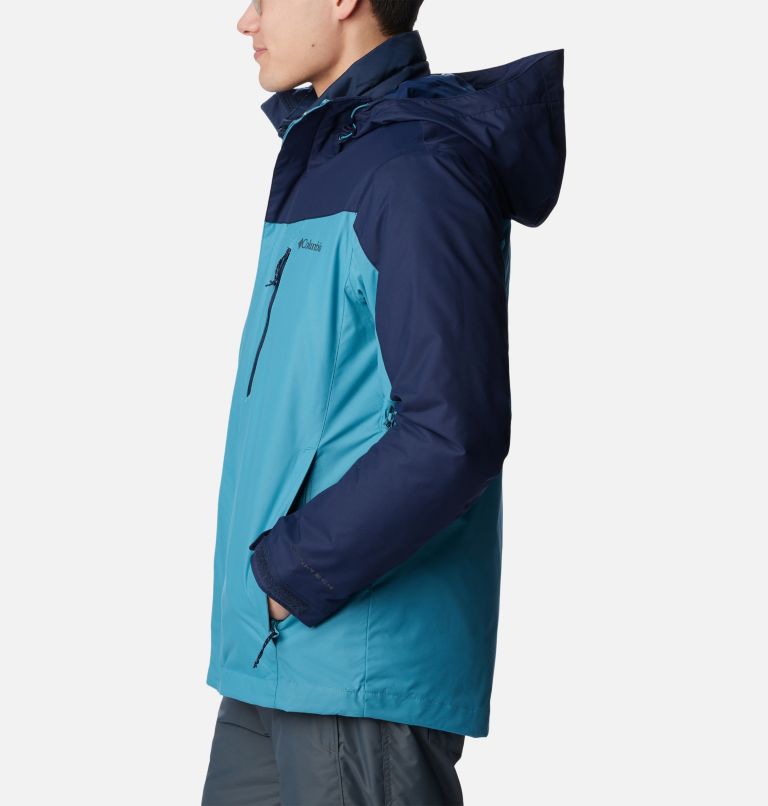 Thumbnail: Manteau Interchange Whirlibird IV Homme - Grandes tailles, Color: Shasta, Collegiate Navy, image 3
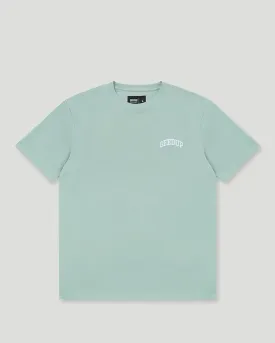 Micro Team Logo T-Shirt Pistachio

==

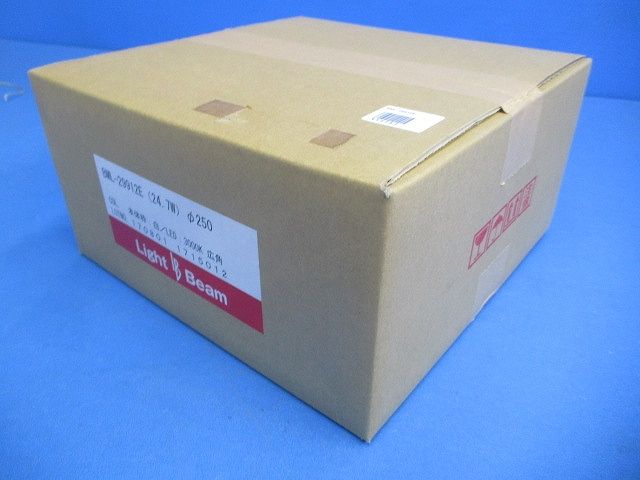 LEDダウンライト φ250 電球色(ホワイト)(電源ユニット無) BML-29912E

---

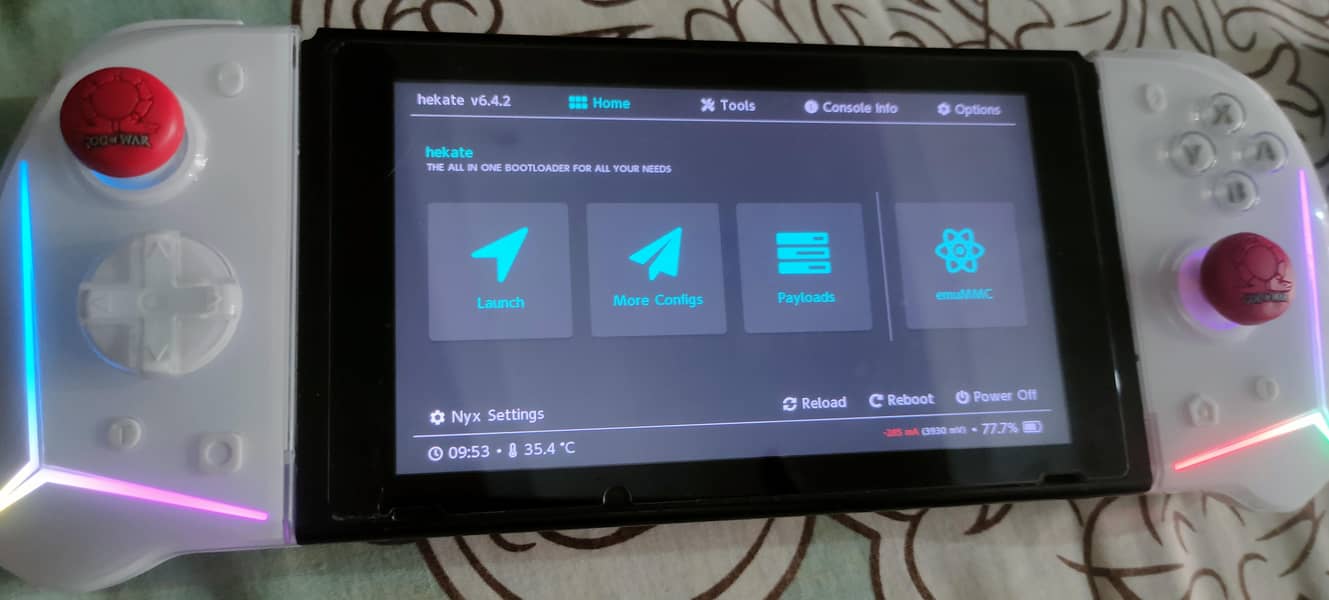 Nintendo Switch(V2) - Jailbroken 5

# Assignment:
Using the data above, copy exactly the lines from the one containing "Thumbnail: Manteau Interchange" to the one containing "Micro Team Logo T-Shirt Pistachio", inclusive. Exclude the pictures.

# Answer to the exercise:
 Thumbnail: Manteau Interchange Whirlibird IV Homme - Grandes tailles, Color: Shasta, Collegiate Navy, image 3
 Micro Team Logo T-Shirt Pistachio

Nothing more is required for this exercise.